If you do get a chance to start your garden before Spring, and I hope you do, remember to be patient with new seeds. It’s still winter, and the cold frosts will come till the end of April at our elevation, so any expectations should be retrained till after the first planting dates in Late April, early May. On a side note- you can start plants inside, and without a greenhouse, many of your seeds should be sprouted indoors under a grow light if possible. I don’t do this, because my success rate has been so low, I gave up and rely on my greenhouse, which should be completed by May. I’ll most likely buy tomato starts at a local valley farm, where a devoted vegetable cultivator has tones of greenhouse space, and the setup to mass produce a good crop of hot house plants. It’s worth the investment and saves you a lot of time and frustration as a gardener here in our wet, cool climate.

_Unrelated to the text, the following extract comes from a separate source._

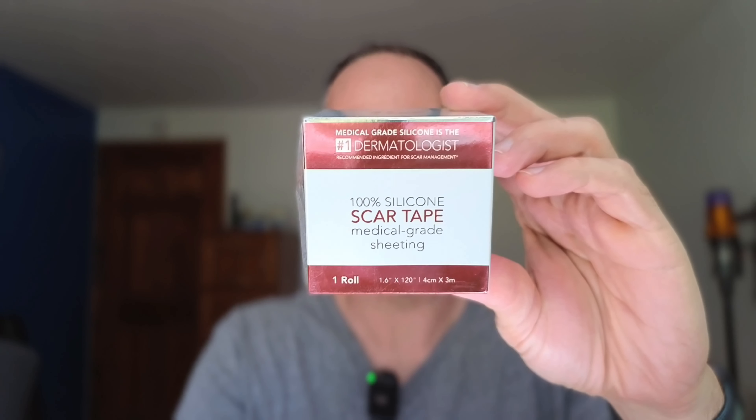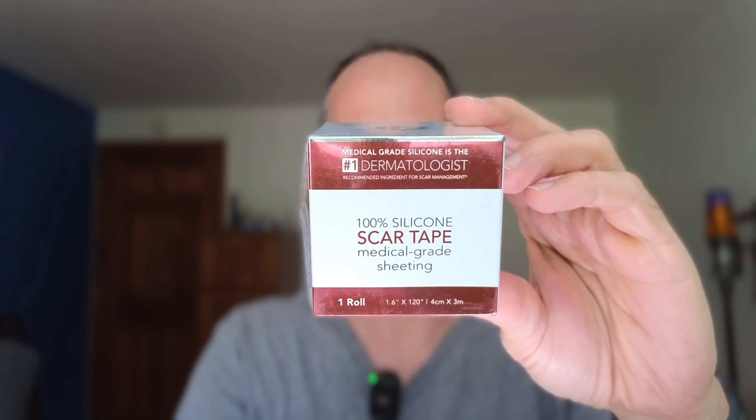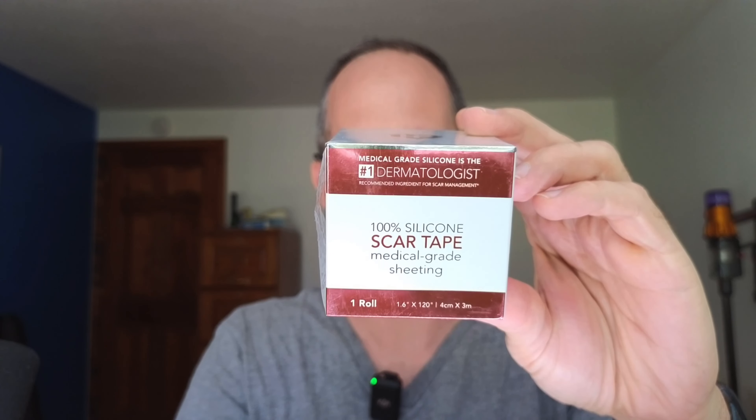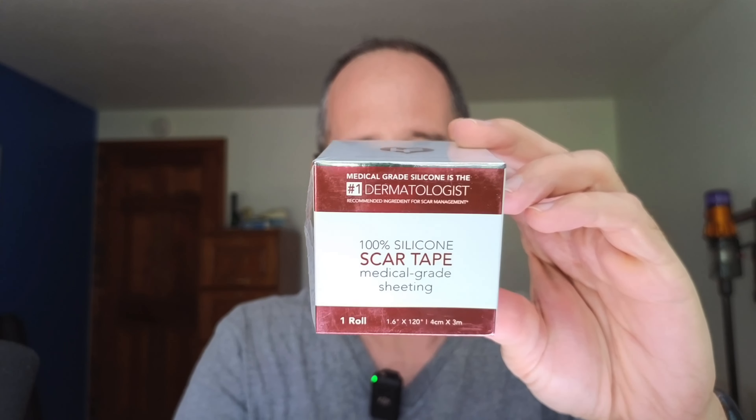Hey, it's Mike here, and today we're going to be taking a look at this 100% silicone scar tape. This is one roll, 1.6 inches by 120, or 4 centimeters by 3 meters here. This is something that the company actually sent me to review.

At EEC Forest Stewardship, gardening is not a main focus, but it is an important way to cultivate a selection of native and cultivar food to supplement meals. It also keeps me connected to growing things, tending space, and paying attention to what’s growing on around me. What pests are around, what beneficial insects are helping out, and how the weather is affecting the living world through each season. It’s also a place of pride on the land where I can teach about edible landscape, what grows easily in our bio-region, and how to set up low maintenance systems to feed yourself. There’s nothing like getting your hands in the soil, and later picking your own asparagus, peas, and lettuce for the perfect home grown salad.